● **Data section**
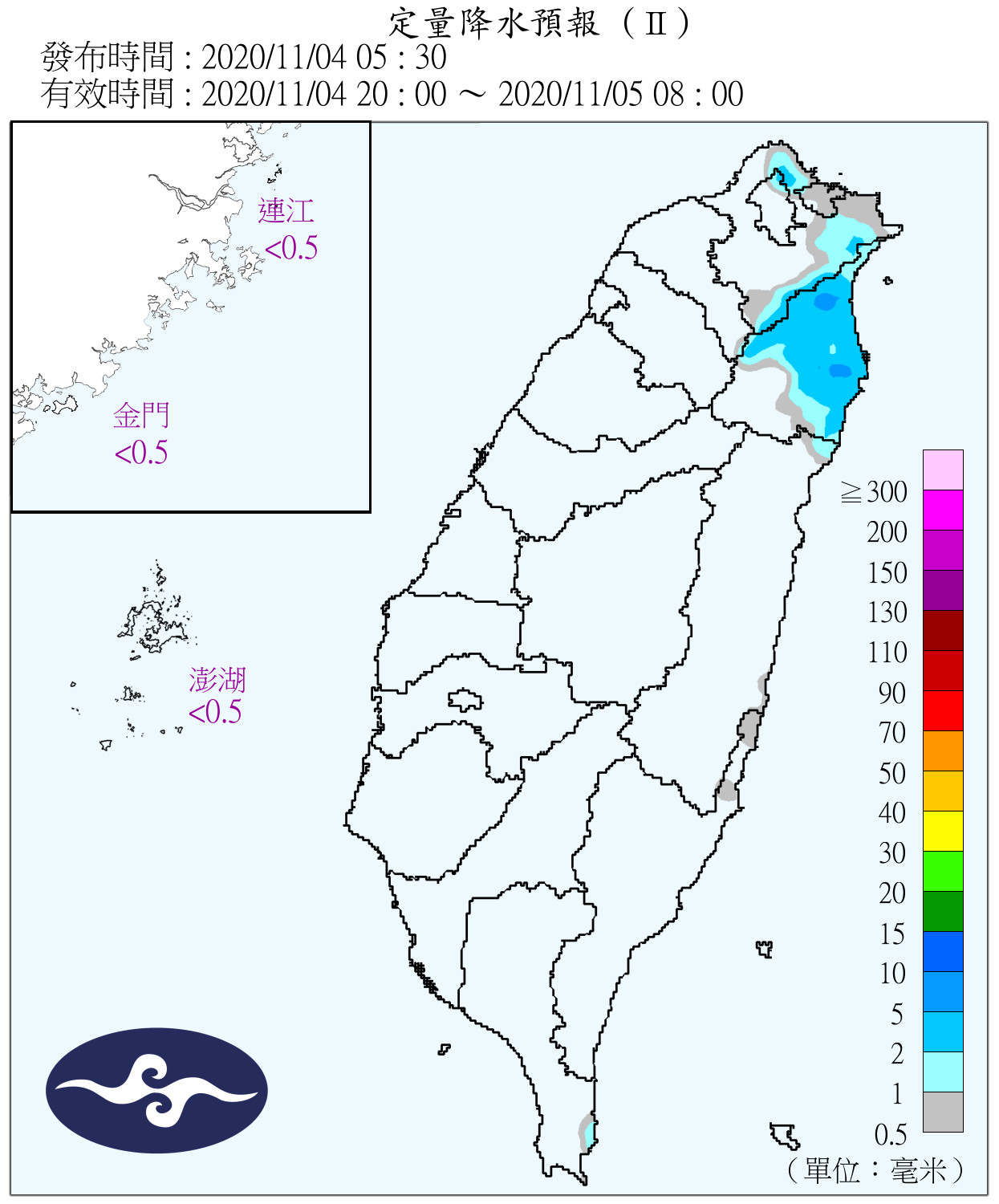 天氣圖。（圖／氣象局）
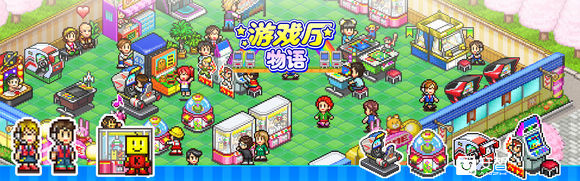 最具游戏性的模拟经营类手游,类似商道高手的模拟经营手游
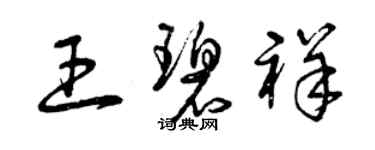 曾慶福王碧祥草書個性簽名怎么寫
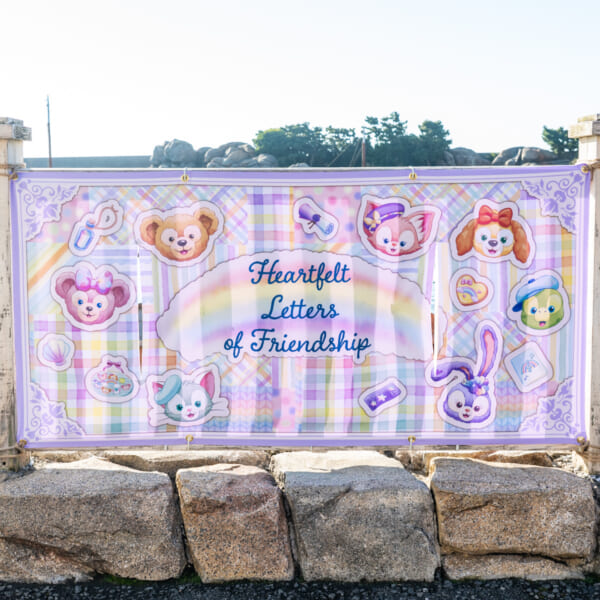 ダッフィー＆フレンズのハートフェルト・レターズ・オブ・フレンドシップバナー3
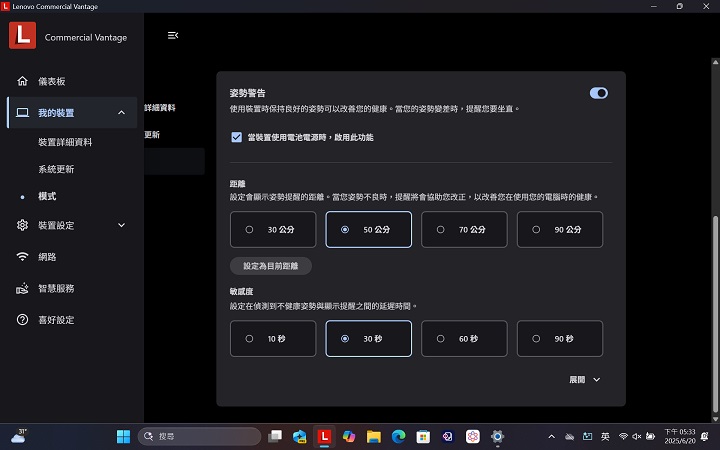在「健康模式」提供常見的護眼提醒與姿勢警告功能，使用者可依需求調整提醒距離與偵測敏感度，協助維持良好的使用姿勢與視覺健康。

● **Task description**
Return the entries above in full and unchanged, omitting every image.

● **Output for this exercise**
 天氣圖。（圖／氣象局）
 最具游戏性的模拟经营类手游,类似商道高手的模拟经营手游
 曾慶福王碧祥草書個性簽名怎么寫
 ダッフィー＆フレンズのハートフェルト・レターズ・オブ・フレンドシップバナー3
在「健康模式」提供常見的護眼提醒與姿勢警告功能，使用者可依需求調整提醒距離與偵測敏感度，協助維持良好的使用姿勢與視覺健康。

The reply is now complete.